##### EXTRACTED ENTRIES

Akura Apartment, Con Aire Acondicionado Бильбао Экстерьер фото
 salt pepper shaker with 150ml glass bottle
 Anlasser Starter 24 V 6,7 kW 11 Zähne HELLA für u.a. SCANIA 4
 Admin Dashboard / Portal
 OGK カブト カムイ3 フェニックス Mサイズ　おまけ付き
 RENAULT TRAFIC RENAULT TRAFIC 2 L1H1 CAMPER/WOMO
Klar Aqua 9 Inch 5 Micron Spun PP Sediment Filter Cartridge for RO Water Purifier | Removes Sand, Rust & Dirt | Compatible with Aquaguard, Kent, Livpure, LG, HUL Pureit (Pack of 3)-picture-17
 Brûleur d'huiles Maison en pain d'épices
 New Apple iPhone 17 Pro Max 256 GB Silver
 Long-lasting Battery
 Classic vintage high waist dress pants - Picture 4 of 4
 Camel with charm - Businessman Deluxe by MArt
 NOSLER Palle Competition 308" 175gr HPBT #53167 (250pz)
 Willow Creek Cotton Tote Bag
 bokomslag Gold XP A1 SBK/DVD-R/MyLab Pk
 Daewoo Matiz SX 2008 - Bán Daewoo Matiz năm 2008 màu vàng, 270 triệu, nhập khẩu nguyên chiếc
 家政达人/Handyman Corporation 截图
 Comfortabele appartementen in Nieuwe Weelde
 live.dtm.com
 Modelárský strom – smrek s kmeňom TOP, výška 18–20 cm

##########

◆ **EXERCISE AIM**
Could you write out every entry above exactly as it appears?

◆ **FINISHED TASK**
Akura Apartment, Con Aire Acondicionado Бильбао Экстерьер фото
 salt pepper shaker with 150ml glass bottle
 Anlasser Starter 24 V 6,7 kW 11 Zähne HELLA für u.a. SCANIA 4
 Admin Dashboard / Portal
 OGK カブト カムイ3 フェニックス Mサイズ　おまけ付き
 RENAULT TRAFIC RENAULT TRAFIC 2 L1H1 CAMPER/WOMO
Klar Aqua 9 Inch 5 Micron Spun PP Sediment Filter Cartridge for RO Water Purifier | Removes Sand, Rust & Dirt | Compatible with Aquaguard, Kent, Livpure, LG, HUL Pureit (Pack of 3)-picture-17
 Brûleur d'huiles Maison en pain d'épices
 New Apple iPhone 17 Pro Max 256 GB Silver
 Long-lasting Battery
 Classic vintage high waist dress pants - Picture 4 of 4
 Camel with charm - Businessman Deluxe by MArt
 NOSLER Palle Competition 308" 175gr HPBT #53167 (250pz)
 Willow Creek Cotton Tote Bag
 bokomslag Gold XP A1 SBK/DVD-R/MyLab Pk
 Daewoo Matiz SX 2008 - Bán Daewoo Matiz năm 2008 màu vàng, 270 triệu, nhập khẩu nguyên chiếc
 家政达人/Handyman Corporation 截图
 Comfortabele appartementen in Nieuwe Weelde
 live.dtm.com
 Modelárský strom – smrek s kmeňom TOP, výška 18–20 cm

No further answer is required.